According to the CSOs, including Africa Education Watch (Eduwatch) and Institute for Education Studies (IFEST), the rampant strike actions being recorded in the education space in recent times are due to a lack of dialogue, consultation and consensus building in decision-making. However, the CSOs believe that both parties must reconsider deeply the plight of learners since they are the ultimate losers in every strike action.

Executive Chairman of the IFEST, Peter Anti, indicated that the Ministry of Education (MoE) must learn to respect the employees even when they feel their demand is not acceptable. Additionally, when respect is shown to engage and dialogue with the unions in a professional way, some of these strikes would have been prevented even if government cannot meet their demands.

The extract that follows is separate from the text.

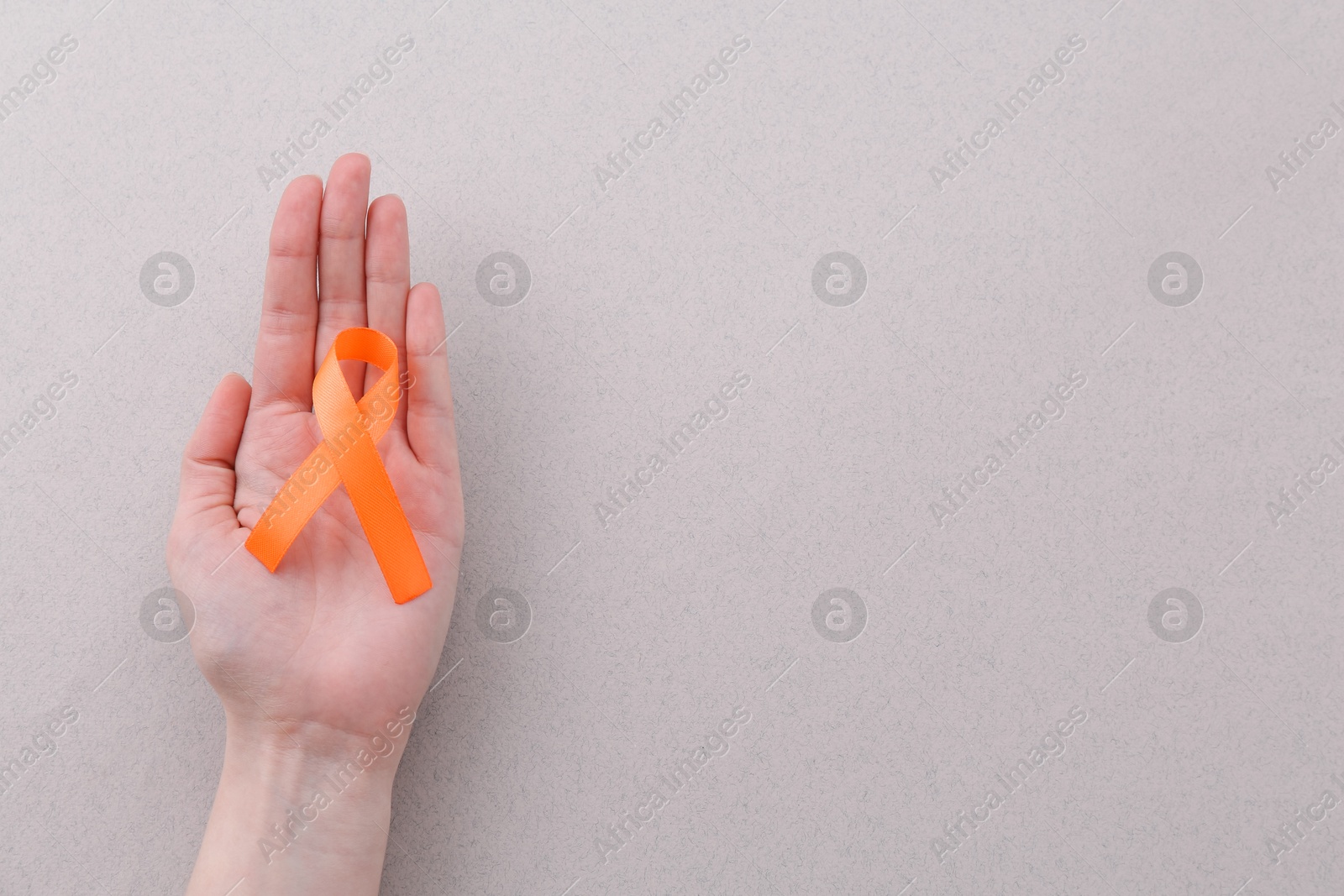 Photo of Woman with orange awareness ribbon on gray background, top view. Space for text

The Executive Director of Eduwatch, Kofi Asare, on his part, indicated that the best way to solve strikes is to prevent them from happening.

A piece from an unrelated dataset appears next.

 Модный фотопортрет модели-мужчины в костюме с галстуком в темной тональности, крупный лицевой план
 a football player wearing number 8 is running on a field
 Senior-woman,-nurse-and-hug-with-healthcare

“We can prevent all these if we consult and build consensus prior to major decisions. Keep social dialogue spaces open, take decisions based on consultation with a significant degree of consensus, the government should respect existing agreements with tertiary workers,” he said.

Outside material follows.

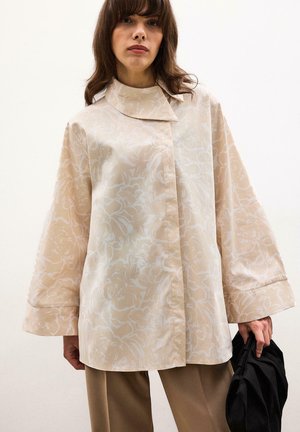 Femme portant une veste oversize beige à motifs floraux avec des manches larges, tenant un sac noir sur un fond uni.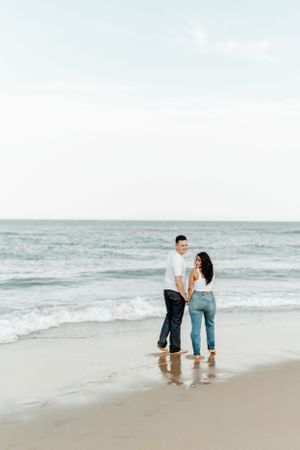 A couple stands ankle-deep in ocean waves on a serene beach.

Why is the GES DG position of top concern to teachers?

The Ghana Education Service (GES), which is the largest agency under the MoE, is responsible for the implementation of approved national pre-tertiary educational policies and programmes to ensure that all Ghanaian children of school-going age irrespective of tribe, gender, disability, religious and political affiliations are provided with inclusive and equitable quality formal education.

The mandate of the GES makes it practically impossible for any decision or policy to take place at the pre-tertiary level without their input because they are the implementers of all these policies as mandated by law.

How did we get here?

Executive Chairman of the IFEST, Peter Anti, indicated that IFEST, as far back as May 2022 expressed concern over the Ministry of Education’s (MoE) seeming to sideline the Ghana Education Service (GES) in its operations and the likely implications thereof which are manifesting now, but unfortunately no action was taken at the time.

In that report, IFEST mentioned some key happenings that attempted to weaken the GES – including the mode of implementation of the National Standard Test (NST), the formation of the MoE committee to develop the school calendar, recruitment of headteachers for newly completed STEM schools, and the GALOP Teacher Training issue.

In that report, IFEST proposed three solutions as the way forward, which could have stopped this current situation. These included the calls on the MoE to show leadership and ensure that there was proper coordination and cordiality between these two critical institutions.

Secondly, it proposed that the GES council should ensure that the mandate of the service was not compromised. Finally, it appealed to the President of the Republic of Ghana to step in and ensure that the investments made in the education sector did not go down the drain because of the lack of coordination between these two critical institutions.